The Ottowa Citizen has the story:
For nearly half a century, Gérard Lafrenière was devoted to his wife, and, by all accounts, fulfilled his vows to love, honour and cherish her. Yet, he had another love, too.
In 2009, two years after his wife of 49 years, Gisèle Viau, died, Lafrenière fulfilled the vocation that had been with him since childhood. He became a Catholic priest, with his wife’s blessing.
“This is something that has been in my life for the past 65 years,” he told the Citizen on the day of his ordination. “You never know what the Lord has in store for you. I had to put it aside for a while and take a different avenue.”
On Saturday, three years after becoming a priest, Father Lafrenière’s died at the age of 83.
Those who knew him describe him as a modest but exceptional man who had a great gift for consoling others.
“He was very loved,” said his son Georges Lafrenière.
“He was the type of person who was always willing to listen to you, really listen,” said Leonard Larabie, a longtime member of the congregation of St. Joseph d’Orléans, who knew Lafrenière for nearly four decades. “He knew how to listen and how to comfort people.”
“He was a man with a very deep faith,” said Royal Galipeau, the Conservative MP for Ottawa-Orléans, who remembers Lafrenière signing his nomination papers when he entered politics in the 1980s.
“He didn’t care about promoting himself. He just fit himself in where he thought he was best needed.”
Even though Lafrenière officially retired in November when a liver ailment left him frail and shaky, he continued, unofficially, to used what energy he had left to take calls from the church and members of the congregation.

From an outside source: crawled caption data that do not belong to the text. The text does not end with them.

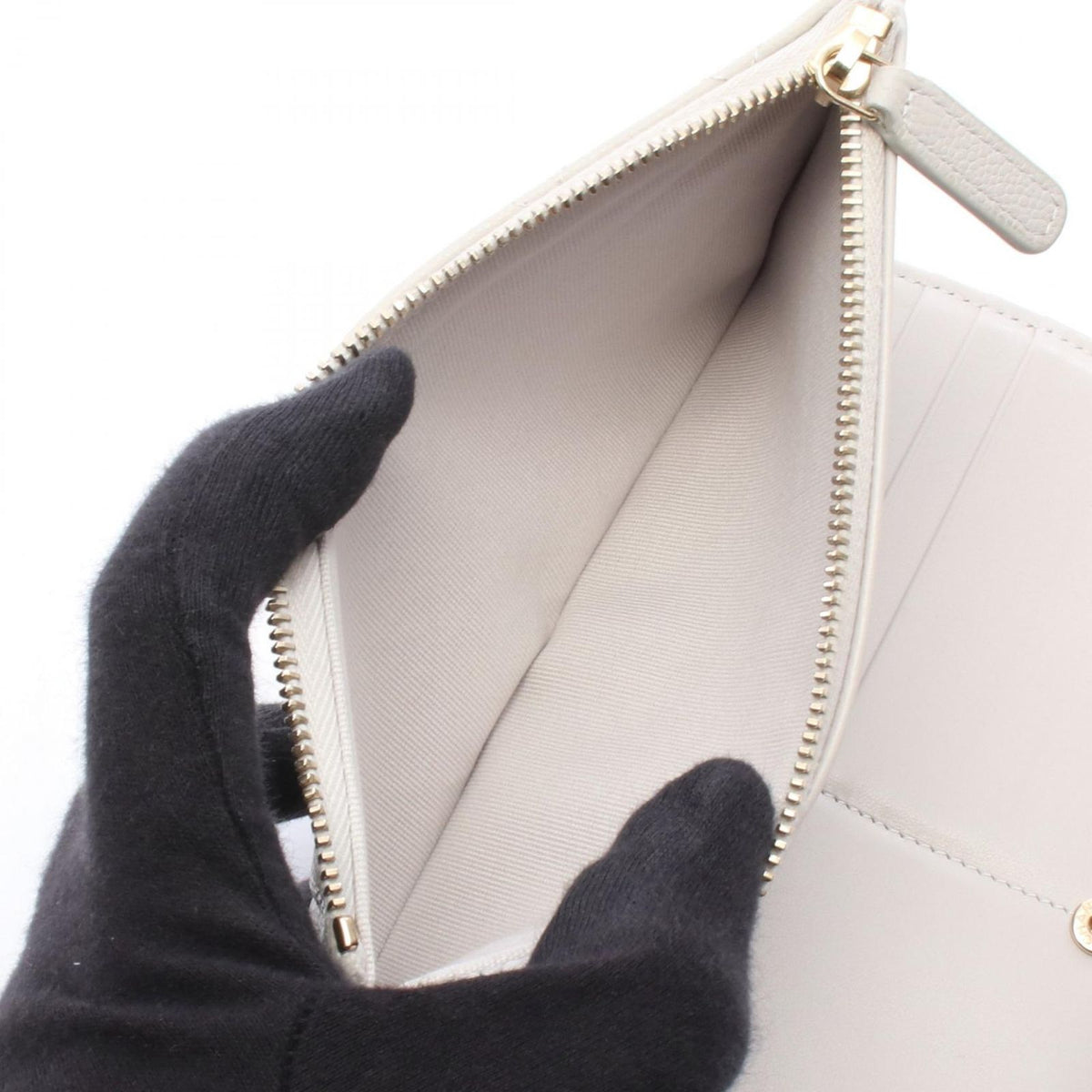 Chanel Bifold Wallet Quilted White Caviar Leather — view 4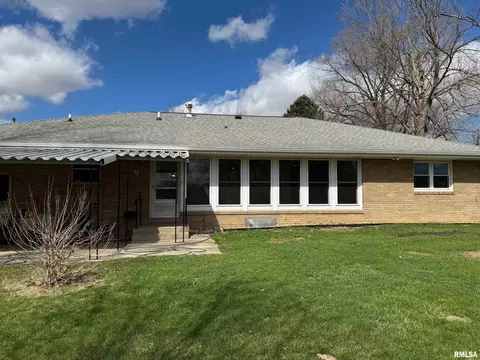 213 State St, Washburn, IL 61570 photo 28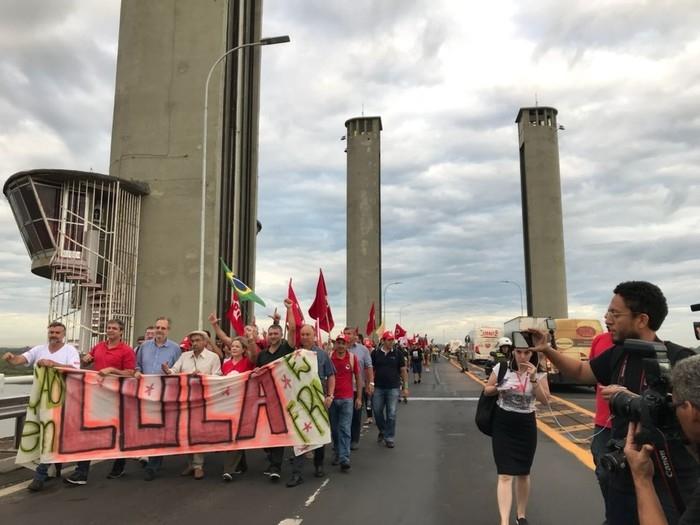 Manifestantes fazem caminhada em apoio a Lula em Porto Alegre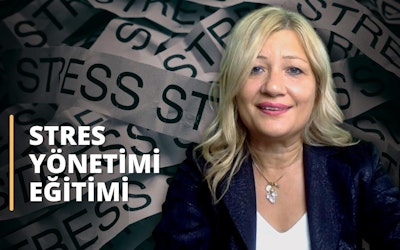 Bu görüntü stres yönetimi üzerine çevrimiçi bir kursa ait. Bir yığın siyah beyaz tabelanın önünde gülümseyen bir kadın. Kadın bir kolye takıyor ve görüntüde ağzının yakın çekimi yer alıyor. Ayrıca bazı beyaz metinlerin yakın çekimi de var. Arka plandaki işaretler bunun stresle başa çıkma konusunda bir online kurs olduğunu düşündürüyor. Kadının ifadesi ve tabelalardaki metin, bunun insanların stresi azaltmayı ve daha mutlu olmayı öğrenmelerine yardımcı olacak bir kurs olduğunu ima ediyor. Bu kurs muhtemelen stresle sağlıklı bir şekilde nasıl başa çıkılacağı ve yaşamda daha fazla denge yaratılacağı konusunda ipuçları ve stratejiler sağlayacaktır. İşaretler ayrıca kursun insanların strese karşı daha dirençli olmalarına ve daha olumlu bir bakış açısı oluşturmalarına yardımcı olacağını göstermektedir. Bu online kurs, insanların stresi nasıl azaltacaklarını ve genel sağlık durumlarını nasıl iyileştireceklerini öğrenmeleri için mükemmel bir yol gibi görünüyor.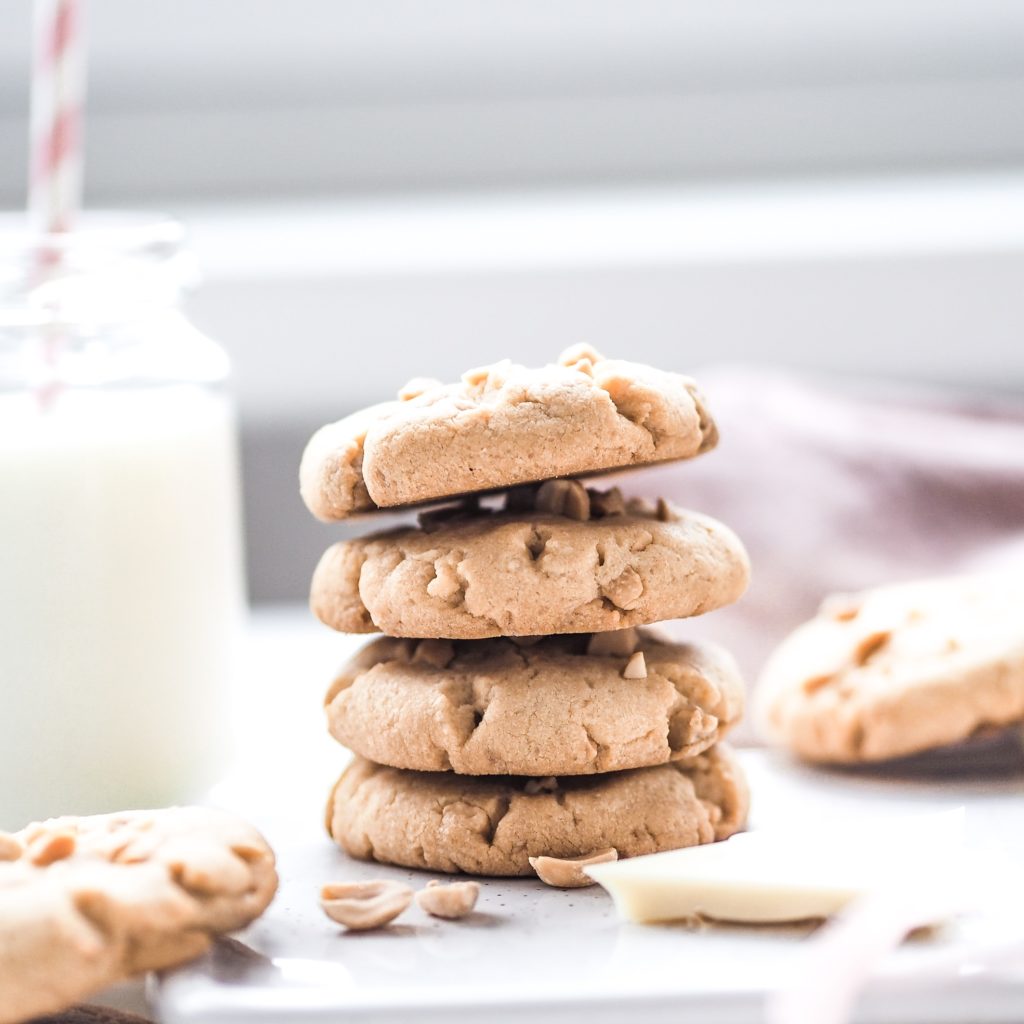 Cookies s arašídy a bílou čokoládou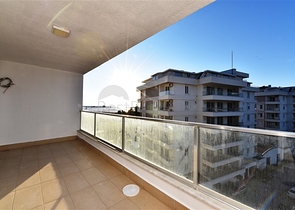 سعر مناسب - بين احضان الطبيعة -دوبلكس 2 غرفة وصالة -ضمن مجمع - في ديمرتاش / الانيا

“He really worked until the end,” said his son Georges. “He was doing a lot of phoning from his bed.”
That, say friends, was typical. “He never retired,” said Larabie. “He was too busy. He just never slowed down.”
Even so, it took Lafrenière a long time to get to where he wanted to be. He grew up on a farm near Plaisance, Que., one of several children. He knew as a boy of nine or 10 that he had a vocation, he want to be a priest. When he was 14 he began studies at the Ottawa junior seminary, but left after less than three years because of poor health. He assumed he’d never be a priest.
Lafrenière eventually married, had children and embarked on a career in the insurance business. His faith, however, never dimmed. He kept the church at the centre of his life, serving as a deacon at the Parish of St. Joseph d’Orléans for almost 30 years.
His wife, Gisèle Viau, shared his faith, according to friends. And shortly before she died in August 2007, she urged him to fulfil his vocation.